- Born: 1 January 1896
- Origin: England
- Died: 2 February 1976)
- Occupations: Pianist, Composer, Music publisher

= Maurice Jacobson =

English composer, pianist, and music publisher

Maurice Jacobson OBE (1 January 1896 – 2 February 1976) was an English pianist, composer, music publisher and music festival judge. He was also director and later chairman of the music publishing firm J. Curwen & Sons.

Jacobson was born in London on 1 January 1896 into a Jewish family. He won a scholarship to study piano at London's Modern School of Music (which led to him receiving lessons from Ferruccio Busoni), then composition at the Royal College of Music under Sir Charles Villiers Stanford and Gustav Holst until 1923. That year Jacobson adapted Vaughan Williams' Mass in G minor (in English) for liturgical use.

He married Constance Suzannah Wasserzug (1903-1988) and there were two sons, Michael and Julian. The couple were friendly with the poet Stevie Smith, whom they met in Aylesbury while Maurice was conducting the Aylesbury Choral Society. But the friendship ended abruptly when Smith modeled her characters Rosa and Herman on the Jacobsons in her book Novel on Yellow Paper (1936), which they instantly recognised as versions of themselves and thought unkind portrayals. In the 1960s his address was White Lodge, Long Lane, Heronsgate in Hertfordshire.

Jacobson appeared as a castaway on the BBC Radio programme Desert Island Discs on 20 January 1969, and was appointed an Officer of the Order of the British Empire (OBE) in 1971. He died in Brighton, England, on 2 February 1976, and was buried at Golders Green Jewish Cemetery in London.
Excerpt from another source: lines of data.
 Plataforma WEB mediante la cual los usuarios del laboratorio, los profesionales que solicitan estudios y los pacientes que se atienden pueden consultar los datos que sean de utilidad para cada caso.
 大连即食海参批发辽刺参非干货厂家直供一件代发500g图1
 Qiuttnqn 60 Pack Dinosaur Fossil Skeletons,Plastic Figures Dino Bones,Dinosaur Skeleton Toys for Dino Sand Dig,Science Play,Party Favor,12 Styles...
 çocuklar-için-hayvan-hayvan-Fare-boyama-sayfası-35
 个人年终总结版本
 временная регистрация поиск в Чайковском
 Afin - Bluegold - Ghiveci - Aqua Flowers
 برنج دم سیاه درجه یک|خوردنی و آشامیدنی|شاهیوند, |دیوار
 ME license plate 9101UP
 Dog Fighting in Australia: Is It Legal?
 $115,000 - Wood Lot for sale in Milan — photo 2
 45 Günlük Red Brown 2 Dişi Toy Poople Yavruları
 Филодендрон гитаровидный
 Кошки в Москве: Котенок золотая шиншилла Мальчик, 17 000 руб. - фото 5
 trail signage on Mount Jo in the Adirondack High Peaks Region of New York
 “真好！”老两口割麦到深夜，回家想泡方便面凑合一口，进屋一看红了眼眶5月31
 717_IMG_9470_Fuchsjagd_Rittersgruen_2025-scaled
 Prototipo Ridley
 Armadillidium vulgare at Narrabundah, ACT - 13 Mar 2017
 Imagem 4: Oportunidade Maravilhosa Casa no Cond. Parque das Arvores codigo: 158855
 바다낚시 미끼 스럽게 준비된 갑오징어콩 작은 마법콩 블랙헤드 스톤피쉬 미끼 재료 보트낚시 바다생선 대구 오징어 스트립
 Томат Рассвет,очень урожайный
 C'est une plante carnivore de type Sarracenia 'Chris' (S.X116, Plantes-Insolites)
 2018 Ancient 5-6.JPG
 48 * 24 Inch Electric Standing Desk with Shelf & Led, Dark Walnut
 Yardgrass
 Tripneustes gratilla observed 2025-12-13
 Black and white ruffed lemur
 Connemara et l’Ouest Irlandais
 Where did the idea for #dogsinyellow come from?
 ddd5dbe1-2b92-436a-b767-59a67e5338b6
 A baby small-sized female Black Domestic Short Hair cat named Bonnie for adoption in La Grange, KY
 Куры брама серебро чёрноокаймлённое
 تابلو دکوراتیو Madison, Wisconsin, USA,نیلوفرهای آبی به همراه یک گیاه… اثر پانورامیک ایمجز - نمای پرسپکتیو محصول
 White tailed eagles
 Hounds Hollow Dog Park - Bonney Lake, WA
His son is the pianist Julian Jacobson (born 1947), who studied with Lamar Crowson, John Barstow and Louis Kentner.

== Compositions ==
Between 1929 and 1931 Jacobson wrote incidental music for theatre productions (mostly Shakespeare plays) at the Old Vic. In the mid 1930s he was commissioned by the Markova-Dolin company to compose the music for a new biblical ballet, David. It was premiered in 1936 with Anton Dolin dancing the title role, and subsequently received over 120 performances. During the 1940s his solo voice setting of The Song of Songs was taken up by Kathleen Ferrier (whom he had first "discovered" while adjudicating at the Carlisle Music Festival in 1937) and broadcast by the BBC on 3 November 1947, with Frederick Stone at the piano. Among the most important of his extended pieces are the cantatas The Lady of Shalott (1942) and The Hound of Heaven (1953, which the composer regarded as his best work), the Theme and Variations for orchestra (1940s), and the Symphonic Suite for Strings (premiered by the Hallé Orchestra under Sir John Barbirolli at the 1951 Cheltenham Festival and repeated at The Proms later that year, conducted by Basil Cameron).

Solo piano music was also an important part of his output, though there are no large scale works. Examples include Carousal (dedicated to Louis Kentner and published in 1946), Soliloquy (dedicated to Ilona Kabos, published 1940), and the five movement suite Music Room, the most popular of his piano works during his lifetime, particularly the melodic Sarabande. His setting of "Ho-Ro, My Nut-Brown Maiden", a traditional Gaelic song translated into English in 1883 by John Stuart Blackie, featured in the film I Know Where I'm Going! (1945) and remains well-known.

The Hound of Heaven was last revived in January 1976 when it was broadcast in tribute to the composer's 80th birthday (just a month before his death), conducted by David Willcocks. An archive recording exists. Some of the piano music (along with The Song of Songs) has been recorded and issued on CD by Naxos. Ferrier's 1947 recording of The Song of Songs has been reissued by SOMM.